This appeal has been preferred by the claimant- appellant against the order of the learned Single Judge who although has enhanced the amount of compensation from
Rs.50,000/-, (which had been awarded by the Motor
Accident Claims Tribunal, Jaipur city, Jaipur) to a sum of Rs.1,00,000/-, the claimant has felt dis-satisfied with this amount and has preferred this appeal.
It was submitted by learned counsel for the claimant-appellant that the petitioner had suffered 25% injury as a result of which his spleen has been removed and therefore the learned Single Judge has not awarded adequate compensation to the claimant-appellant by enhancing it to Rs.1,00,000/- only.

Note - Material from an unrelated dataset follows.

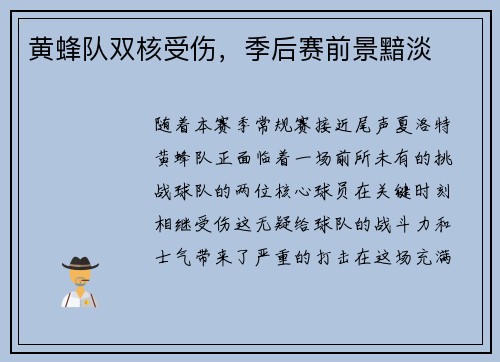 黄蜂队双核受伤，季后赛前景黯淡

While considering the submission raised on behalf of the claimant-appellant, we have taken note of the Schedule to the Motor Vehicles Act of 1988 wherein it has been laid down that a claimant who has sustained grievous injury would be entitled to an amount of compensation for such percentage of injury which he would have received in the event of his death. Applying this principle we have noticed that the claimant-appellant was aged 17 years at the time of the accident, who was not earning any income and, therefore, his notional income would be Rs.15,000/- per annum out of which if 1/4th were deducted to which a multiplier of 16 had to be applied, he would have been entitled to a sum of Rs.45,000/- only by calculating 25% out of the total compensation if it were a case of death. The appellant has incurred approximately less than Rs.50,000/- towards his treatment and if this amount is added to the sum of Rs.45,000/- this would be approximately Rs.95,000/- which is less than Rs.1,00,000/-. As this amount has already been awarded by the learned Single Judge, we see no ground for further enhancement of the amount by us at the appellate state.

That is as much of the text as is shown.